Engineering

10 July, 2019

Elixir GenServer Memory Issues

Recently, while using Elixir processes (specifically GenServers), I found myself facing an issue that often occurs in other programming languages: the dreaded memory leaks.

Nuno Marinho

Software Engineer

Elixir GenServers Memory Issues - Coletiv Blog

One of the abstractions Elixir provides around processes is the GenServer module. A GenServer is a process like any other Elixir process and it can be used to keep state, execute code asynchronously and so on.

Recently, while using Elixir processes (specifically GenServer), I found myself facing an issue that often occurs in other programming languages: the dreaded memory leaks.

Use Case / Problem

Basically, I have an application that when started initializes multiple GenServers in parallel that makes multiple calls to externals API’s. The processes execute work every 5 minutes and have short-lived data.

Initially, I did not found problems but with the increase in the number of processes, I’ve checked that each process has unnecessarily data stored in the memory after the first run.

Elixir supervision tree and garbage collectors Elixir supervision tree and garbage collectors

Solution 1 — use fullsweep_after on GenServer.start_link

After some investigation, I found some links that talk about memory usage in theGenServer. And I found this paragraph by Sasa Juric:

One option is to set the fullsweep_after flag of the problematic process to zero or a very small value. I think that GenServer.start_link(callback_module, spawn_opt: [fullsweep_after: desired_value]) should do the job.

For more explanation, look for fullsweep_after in docs for the :erlang module

And this information about BIF (Built-In Functions) in docs for the :erlang module:

{fullsweep_after, Number}

Useful only for performance tuning. Do not use this option unless you know that there is a problem with execution times or memory consumption, and ensure that the option improves matters.

The Erlang runtime system uses a generational garbage collection scheme, using an “old heap” for data that has survived at least one garbage collection. When there is no more room on the old heap, a fullsweep garbage collection is done.

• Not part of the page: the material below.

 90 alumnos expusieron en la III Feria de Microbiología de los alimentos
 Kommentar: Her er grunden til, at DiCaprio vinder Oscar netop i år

Option fullsweep_after makes it possible to specify the maximum number of generational collections before forcing a fullsweep, even if there is room on the old heap. Setting the number to zero disables the general collection algorithm, that is, all live data is copied at every garbage collection.

A few cases when it can be useful to change fullsweep_after:

If binaries that are no longer used are to be thrown away as soon as possible. (Set Number to zero.)

A process that mostly have short-lived data is fullsweeped seldom or never, that is, the old heap contains mostly garbage. To ensure a fullsweep occasionally, set Number to a suitable value, such as 10 or 20.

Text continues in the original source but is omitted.